The new TU will span the West and North-West region via eight campuses initially offering almost 600 academic programmes for over 20,200 students supported by 2,215 staff.

The new TU has 8 campuses in Sligo (IT Sligo), Galway City (GMIT x 2), Castlebar (GMIT), Letterfrack (GMIT), Mountbellew (GMIT) Letterkenny (LYIT) and Killybegs (LYIT).

This is the fourth TU to be created since 2019 and represents a milestone in higher education provision for the West and North West. The fifth, South East Technological University, will be established on 1 May and see the dissolution of Carlow and Waterford Institutes of Technology.

Providing higher educational programmes across all levels of the National Framework of Qualifications from apprenticeships to doctoral level qualifications, the new TU will play a pivotal role in the strategic development of the West and North West and in so doing, would ensure a global outlook and a civic centric value system. 
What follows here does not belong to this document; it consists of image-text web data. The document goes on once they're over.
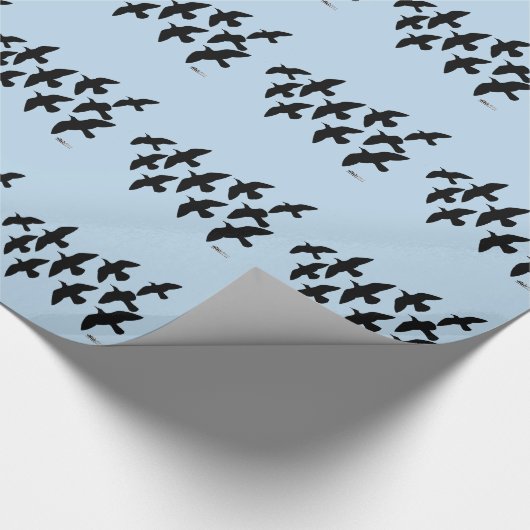 Papier Cadeau Vol de pigeons (Coin)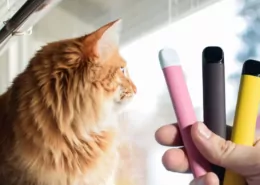 Vaping Around Cats Safety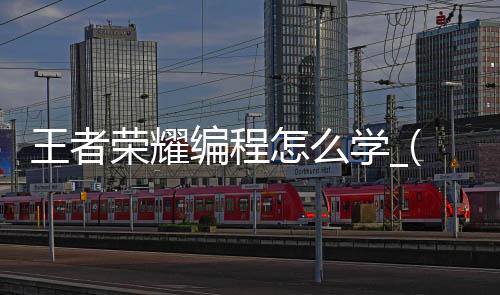 王者荣耀编程怎么学_(王者荣耀用什么程序编程)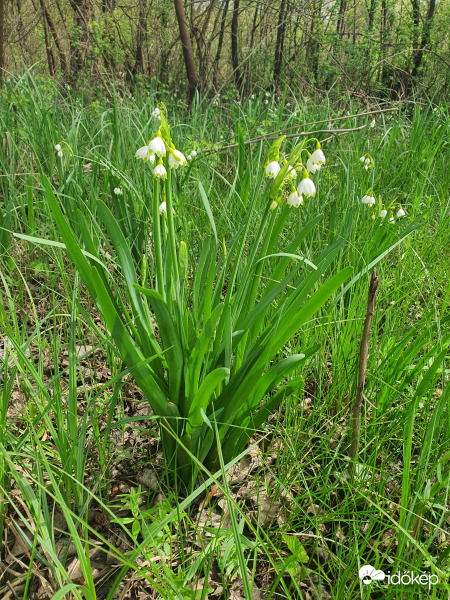 Nyári tőzike (Leucojum aestivum)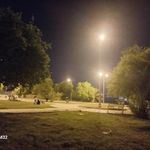 پارک شقایق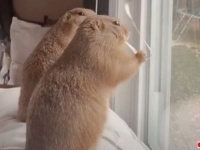 朝の挨拶は「ヤフー！」一度は飼育放棄されたプレーリードッグ、大好きなニンゲンとの生活を満喫する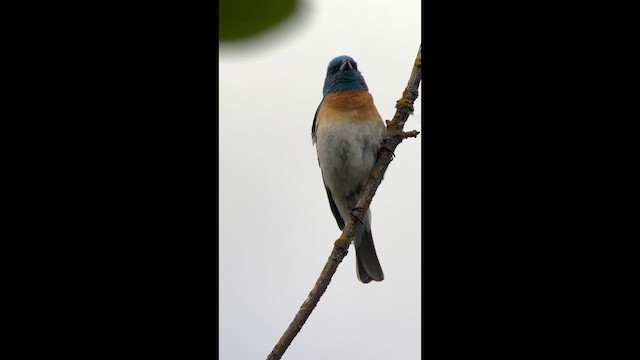 Lazuli Bunting - ML638191644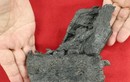 Phát hiện hóa thạch xương hàm khủng long tyrannosaurid lần đầu tại Nhật Bản 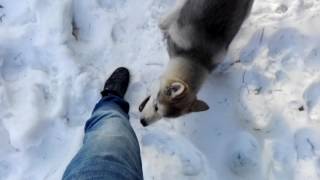 Alaskan malamute puppy playtime in snow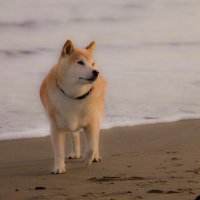夏海太郎 (@pacificocean28) 's Twitter Profile Photo 夏海太郎 (@pacificocean28) 's Twitter Profile Photo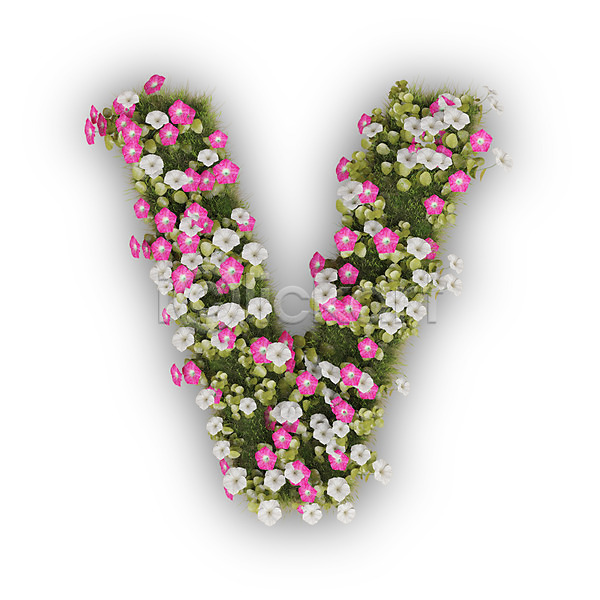 사람없음 3D PSD 편집이미지 V 꽃 나팔꽃 대문자 문자 분홍색 식물 알파벳 영어 타이포그라피 텍스트 흰색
The new TU aims to ensure growth in education provision and enhanced research opportunities, as well as dynamic community and industry engagement across the region. Through its support for industry and communities, the new TU would make its region more attractive for indigenous Small Medium Enterprises (SMI) and Foreign Direct Investment (FDI) by linking to opportunities in knowledge creation and innovation. This in turn would contribute to the development of viable and vibrant communities that can offer an economically and socially desirable regional counterbalance to the development of Dublin.

The new TU in the West and North West presents an opportunity to enhance, accelerate and amplify the ambition to contribute to the sustainable development of the region it serves reflected through teaching and learning excellence, research, development, innovation and engagement activities including in a cross-border collaborative context.
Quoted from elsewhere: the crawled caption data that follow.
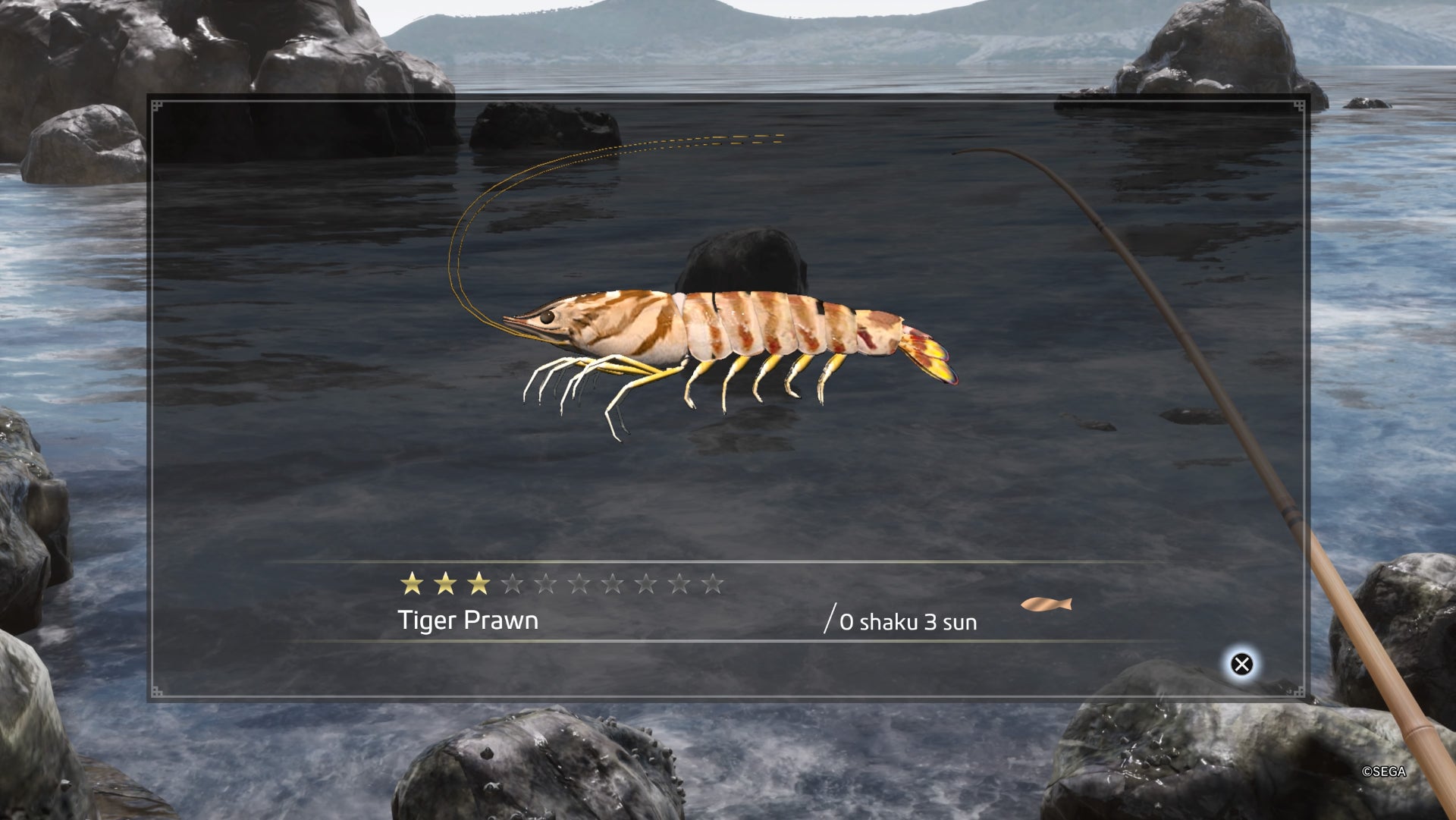 Like a Dragon Ishin, Tiger Prawn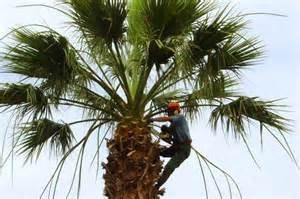 Palm Pruning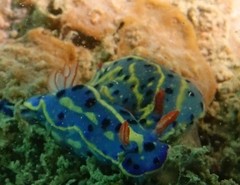 Hypselodoris festiva
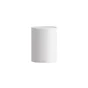 Chauffe-eau electrique vertical mural SAUTER Bajawa, 100 l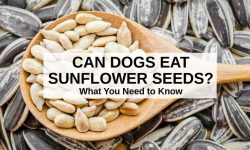 Can Dogs Eat Sunflower Seeds? The Truth Behind This Treat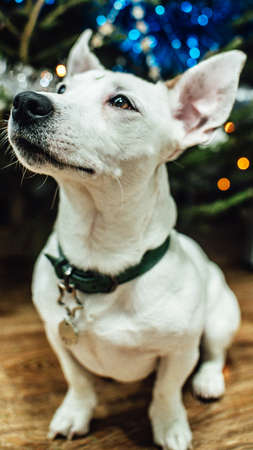 White dog in a collar with an address label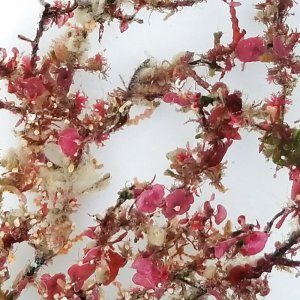 画像: 《近海産海洋生物》朽ち木…ハンドコート採取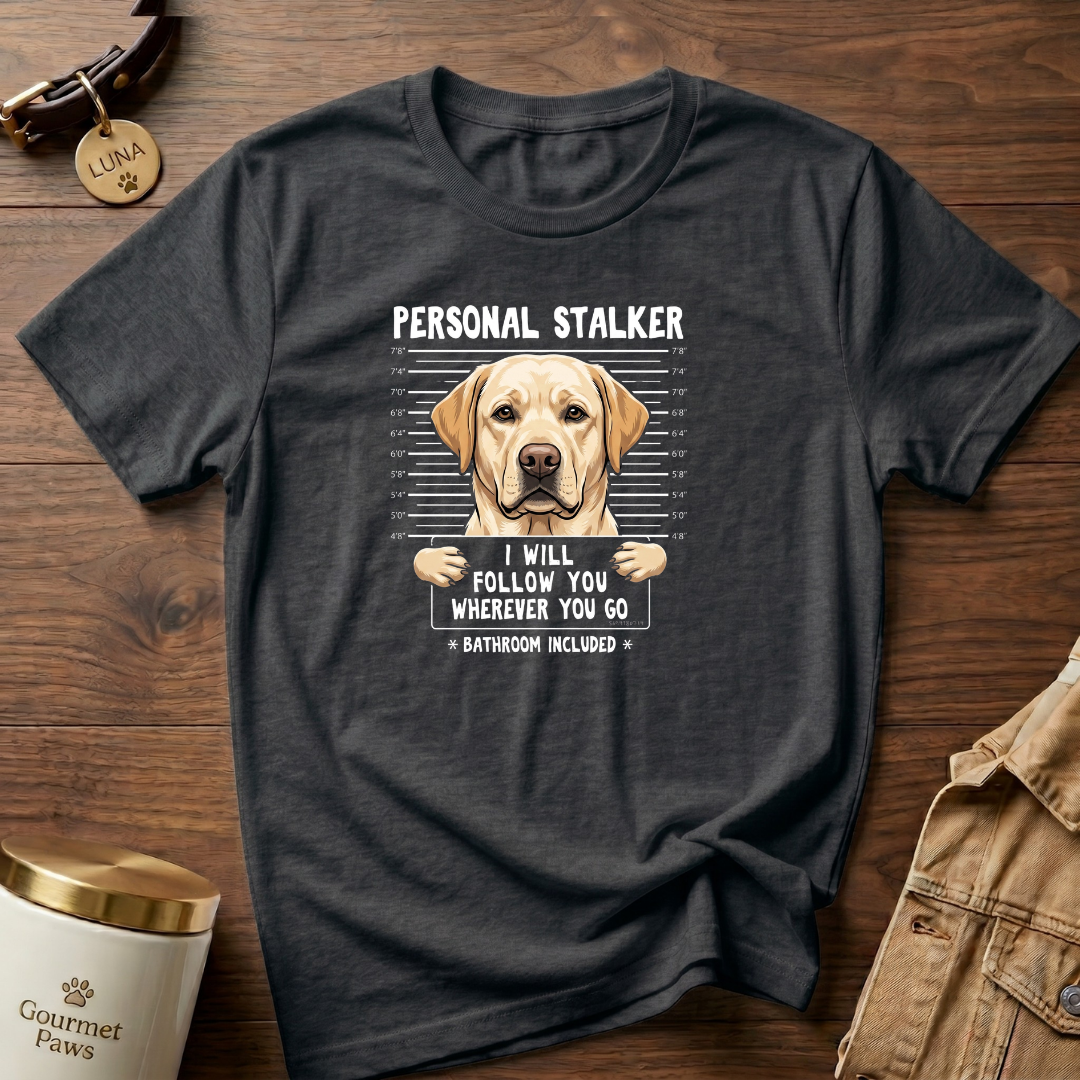 Personal Stalker Labrador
Programme for Government Commitment

Advancement of the TU agenda is a commitment in the Programme for Government 2020. TUs will significantly enhance progress towards national priorities in the areas of access to higher education, research-informed teaching and learning, supporting enterprise and enhancing regional development.
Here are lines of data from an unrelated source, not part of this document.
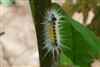 Caterpillar black dots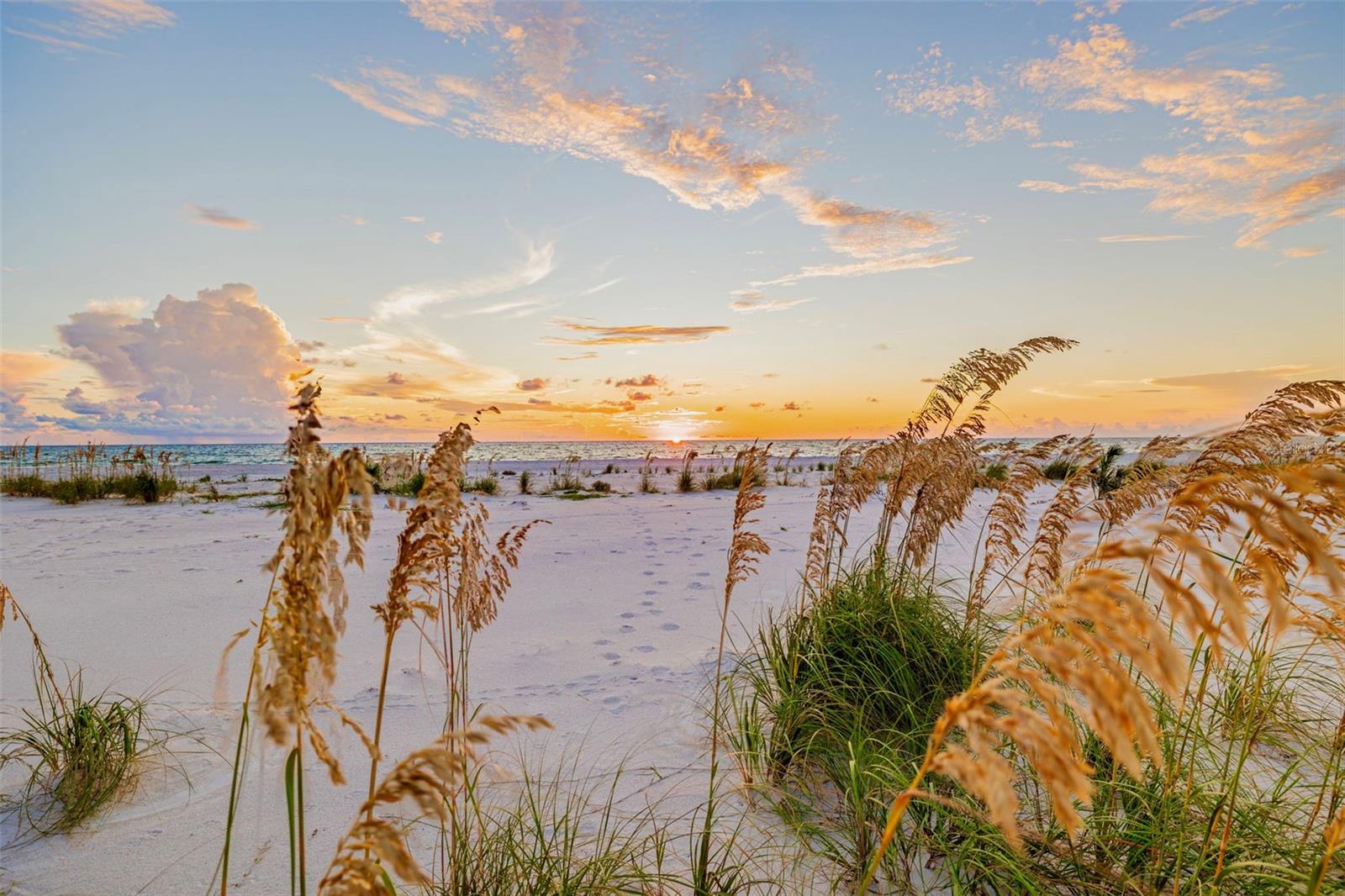 TB8421060 Property Photo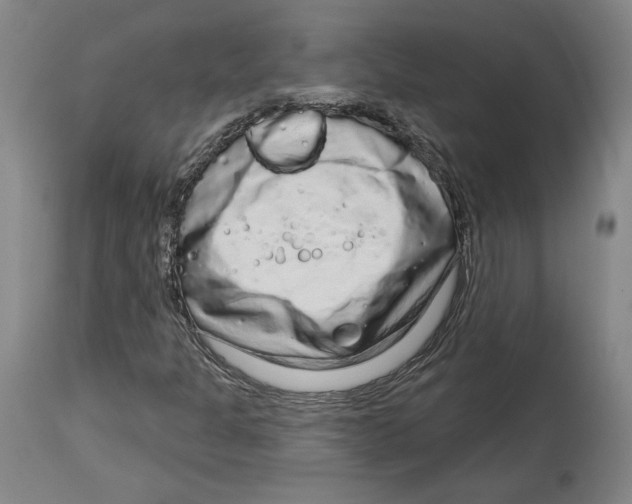 X0000114441301200911131506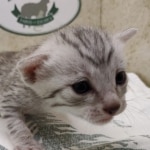 Egyptian Mau Silver Male DOB 8-7-24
TUs, acting as catalysts for innovation and regional development, bring a range of benefits to their regions and hinterlands including increased FDI and capital investment, research funding, international recognition and enable students, staff, enterprise, business and the wider community to avail of increased opportunities in their own areas which, in turn, stand to reap the rewards of further socio-economic progress.


The Technological University Agenda:

The development and progression of technological universities (TUs) is an established policy objective of Government in the context of higher education landscape restructuring, research capacity building and socio-economic regional development. It has its genesis in recommendations contained in the National Strategy for Higher Education to 2030 published in 2011.

Government announced in Budget 2020 the provision of €90 million over the next three years under a TU Transformation Fund to support IoTs to jointly achieve TU designation and to further the advancement of established TUs. This dedicated funding is additional to the €31 million in Exchequer funding invested in TU development and progression since 2013. To date some €60 million of the Transformation Fund has been allocated to relevant HEIs through the Higher Education Authority (HEA) with the final funding tranche of €30 million to be allocated later this year.

To date the Connacht Ulster Alliance (CUA) consortium of GMIT, IT Sligo and Letterkenny IT has received almost €16 million in Exchequer funding to advance its TU proposals.

In addition, €40 million is being allocated to a TU education and reforms project under the National Recovery and Resilience Plan in the period to 2024.

Minister Harris’s Department, working in conjunction with the HEA, is also advancing a further TU oriented research funding application worth some €83 million under the auspices of the European Regional Development Fund 2021-2027.